Sec. 3477, Revised Statutes of the United States, has many times been considered, and while assignments of claims before their allowance have been voided (National Bank of Commerce v. Downie, 218 U. S., 345; Nutt v. Knut, 200 U. S., 12), the statute was intended solely for the protection of the government and not the claimant and to prevent frauds upon the treasury (Price v. Forrest, 173 U. S., 410; McGowan v. Parish, 237 U. S., 285; Goodman v. Niblack, 102 U. S., 556; Bailey v. United States, 109 U. S., 432; Freedman’s Sav. & Trust Co. v. Shepherd, 127 U. S., 494; Lay v. Lay, 248 U. S., 24, affirming Lay v. Lay, 79 So., 291). The statute is not applicable to transfers by operation of law (Erwin v. United States, 97 U. S., 393; Goodman v. Niblack, 102 U. S., 556; Butler v. Gorelley, 146 U. S., 303; Price v. Forrest, 173 U. S., 410), nor to a partnership contract to furnish supplies to the government or a promise by one partner to pay to another a sum already due him under an agreement, out of money to be received from the government for such supplies (Hobbs v. McLean, 117 U. S., 567), nor to the right of a mortgagee of real estate leased to the government or the pledgee of the funds thereof to recover from the mortgagor or pledgor the amount of funds paid to them by the government (Freedman’s Sav. & Trust Co. v. Shepherd, 127 U. S., 494), nor can the government be compelled to pay a second time a claim which it has paid to another under a power of attorney from the claimant (Bailey v. United States, 109 U. S., 432).

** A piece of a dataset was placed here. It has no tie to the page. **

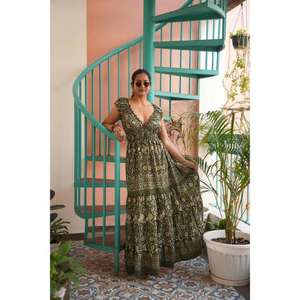 Robe longue d'été attrayante pour femme, nouvelle collection, imprimé, 100% coton, col en V profond, manches courtes, taille tissée, coupe ample - Product Image 2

Succinctly stated, the claims of all the parties were lumped for collection in the name of Ford and existed not by virtue of the agreement; each grew out and as a result of the quarantines *221directed by the state and federal governments, effective against their property as well as against his. Ford conveyed or assigned nothing to the others, he simply recognized their rights in the fund, when collected, to the extent of their claims, which by agreement was to be disposed of as stated therein.
We answer, that the contract declared upon, insofar as applicable to the fund collected from the United States government, was not null and void and is enforcible against said Ford.
Opinion adopted by the Supreme Court November 28, 1934.